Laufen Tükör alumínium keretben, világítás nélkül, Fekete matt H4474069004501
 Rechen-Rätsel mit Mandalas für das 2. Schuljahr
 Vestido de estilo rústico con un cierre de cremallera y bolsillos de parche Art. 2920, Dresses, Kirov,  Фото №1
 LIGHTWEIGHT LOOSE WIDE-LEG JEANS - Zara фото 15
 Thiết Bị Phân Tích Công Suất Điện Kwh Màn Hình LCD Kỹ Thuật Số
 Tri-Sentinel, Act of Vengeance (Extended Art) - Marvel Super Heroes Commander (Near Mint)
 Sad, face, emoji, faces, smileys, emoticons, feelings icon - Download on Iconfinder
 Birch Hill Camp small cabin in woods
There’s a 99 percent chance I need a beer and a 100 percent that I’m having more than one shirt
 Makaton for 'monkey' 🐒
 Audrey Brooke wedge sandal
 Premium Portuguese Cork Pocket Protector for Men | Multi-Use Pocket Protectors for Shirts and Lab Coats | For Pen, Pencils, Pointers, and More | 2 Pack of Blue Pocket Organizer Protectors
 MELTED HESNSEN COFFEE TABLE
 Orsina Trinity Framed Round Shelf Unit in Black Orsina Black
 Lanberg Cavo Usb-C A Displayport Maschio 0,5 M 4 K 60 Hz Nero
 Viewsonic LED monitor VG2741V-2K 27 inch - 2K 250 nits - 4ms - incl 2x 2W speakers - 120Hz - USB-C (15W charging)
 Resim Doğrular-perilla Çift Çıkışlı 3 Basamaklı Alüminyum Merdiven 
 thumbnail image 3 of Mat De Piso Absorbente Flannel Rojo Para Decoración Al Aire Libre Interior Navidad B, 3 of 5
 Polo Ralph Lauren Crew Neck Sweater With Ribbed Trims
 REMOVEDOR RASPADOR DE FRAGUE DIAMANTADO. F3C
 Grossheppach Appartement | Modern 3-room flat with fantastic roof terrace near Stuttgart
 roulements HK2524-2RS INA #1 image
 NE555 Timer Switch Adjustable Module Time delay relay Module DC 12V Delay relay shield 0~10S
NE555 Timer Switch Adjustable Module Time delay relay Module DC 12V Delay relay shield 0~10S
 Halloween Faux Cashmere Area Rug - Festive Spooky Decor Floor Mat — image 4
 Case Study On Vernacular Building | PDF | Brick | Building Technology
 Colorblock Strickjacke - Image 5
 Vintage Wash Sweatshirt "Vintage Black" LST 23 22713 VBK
_ _ _ _ _
## TASK TO COMPLETE
Write out, word for word, the line containing "Makaton for 'monkey' 🐒" and all the lines after it in the entries above, and nothing more.

## RESULT FOR THIS EXERCISE
 Makaton for 'monkey' 🐒
 Audrey Brooke wedge sandal
 Premium Portuguese Cork Pocket Protector for Men | Multi-Use Pocket Protectors for Shirts and Lab Coats | For Pen, Pencils, Pointers, and More | 2 Pack of Blue Pocket Organizer Protectors
 MELTED HESNSEN COFFEE TABLE
 Orsina Trinity Framed Round Shelf Unit in Black Orsina Black
 Lanberg Cavo Usb-C A Displayport Maschio 0,5 M 4 K 60 Hz Nero
 Viewsonic LED monitor VG2741V-2K 27 inch - 2K 250 nits - 4ms - incl 2x 2W speakers - 120Hz - USB-C (15W charging)
 Resim Doğrular-perilla Çift Çıkışlı 3 Basamaklı Alüminyum Merdiven 
 thumbnail image 3 of Mat De Piso Absorbente Flannel Rojo Para Decoración Al Aire Libre Interior Navidad B, 3 of 5
 Polo Ralph Lauren Crew Neck Sweater With Ribbed Trims
 REMOVEDOR RASPADOR DE FRAGUE DIAMANTADO. F3C
 Grossheppach Appartement | Modern 3-room flat with fantastic roof terrace near Stuttgart
 roulements HK2524-2RS INA #1 image
 NE555 Timer Switch Adjustable Module Time delay relay Module DC 12V Delay relay shield 0~10S
NE555 Timer Switch Adjustable Module Time delay relay Module DC 12V Delay relay shield 0~10S
 Halloween Faux Cashmere Area Rug - Festive Spooky Decor Floor Mat — image 4
 Case Study On Vernacular Building | PDF | Brick | Building Technology
 Colorblock Strickjacke - Image 5
 Vintage Wash Sweatshirt "Vintage Black" LST 23 22713 VBK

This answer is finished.